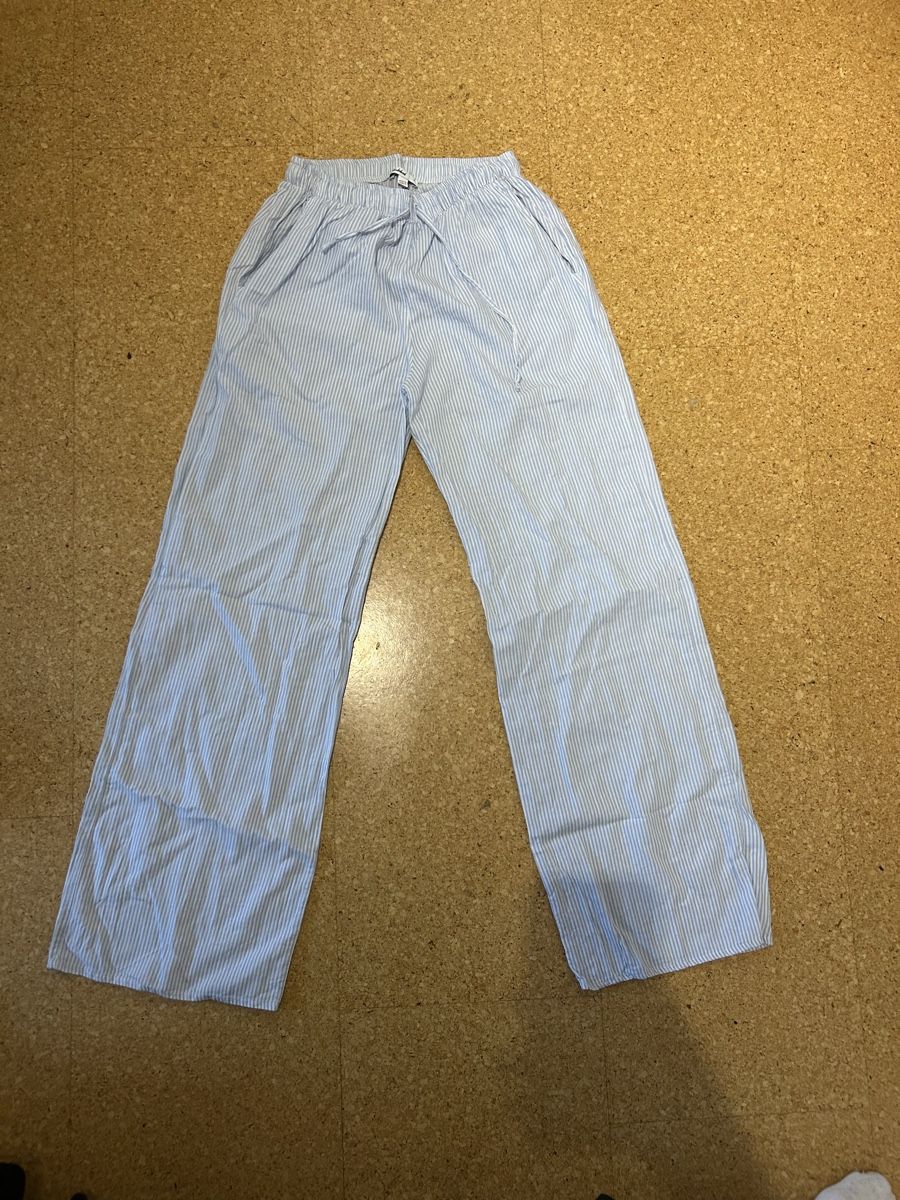Pantaloni: gestreifte leinenhose M – Usato da Schmitten FR venduto da let_k9yc 1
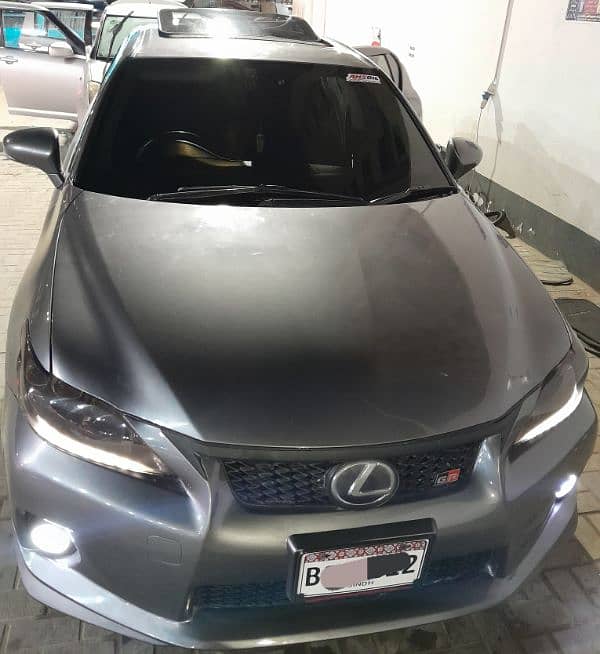 Lexus CT200h 2011 4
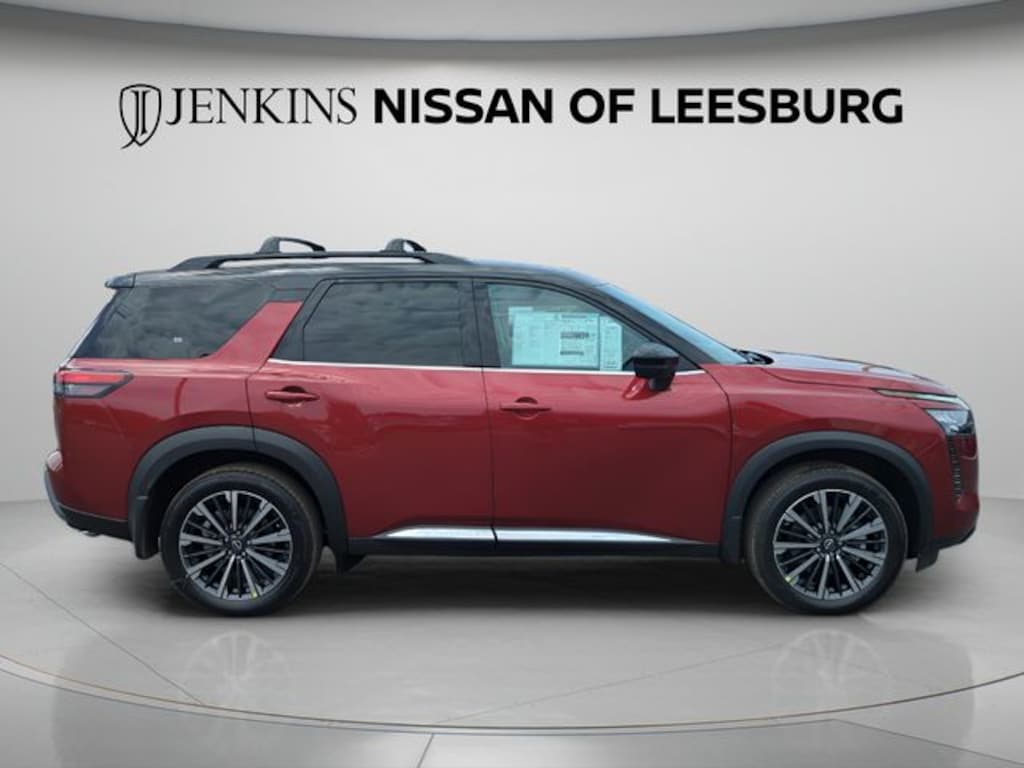 New 2026 Nissan Pathfinder Platinum SUV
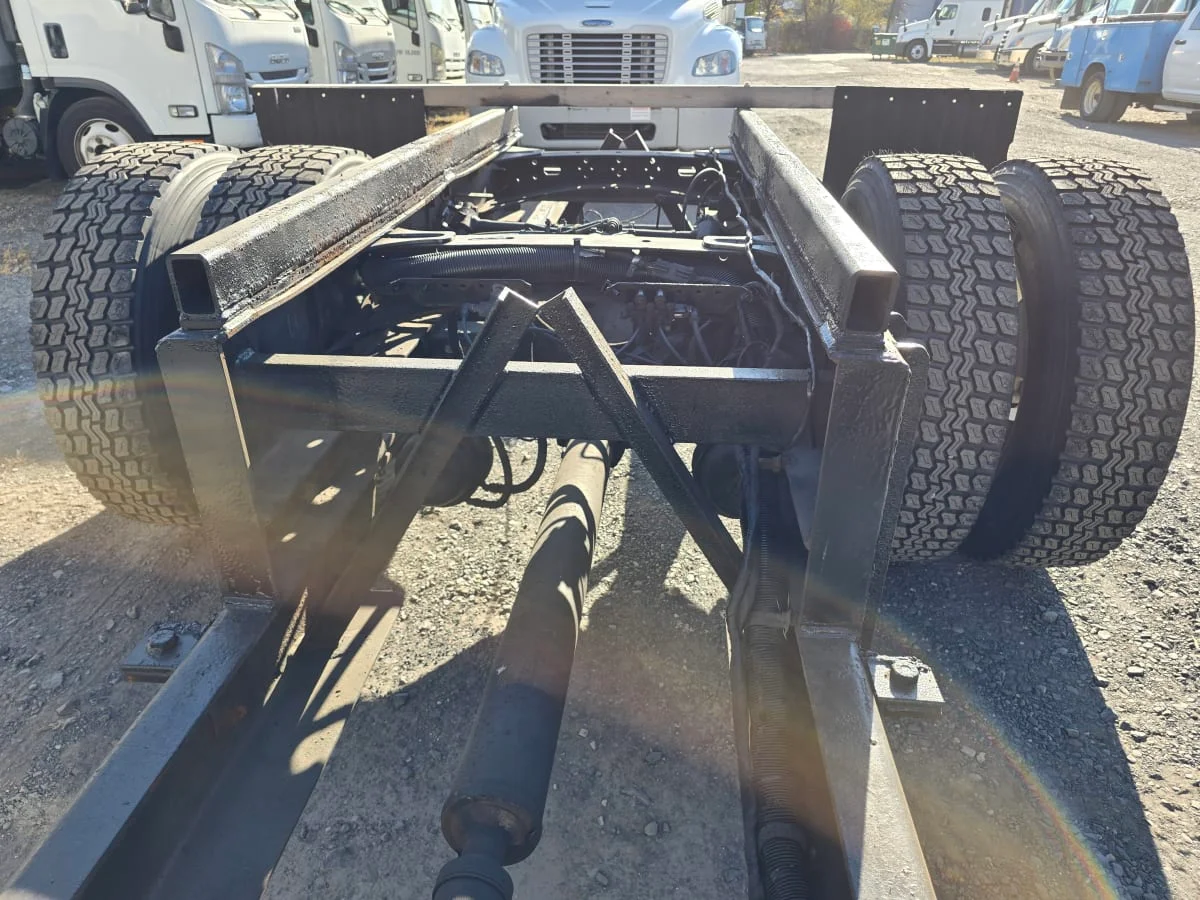 2017 Freightliner M2 106 - image 14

########

INSTRUCTIONS TO FOLLOW:
Beginning with the line that has "Lexus CT200h 2011 4", repeat each remaining line of the data above word for word, keeping pictures out.

TASK RESPONSE:
 Lexus CT200h 2011 4
 New 2026 Nissan Pathfinder Platinum SUV
 2017 Freightliner M2 106 - image 14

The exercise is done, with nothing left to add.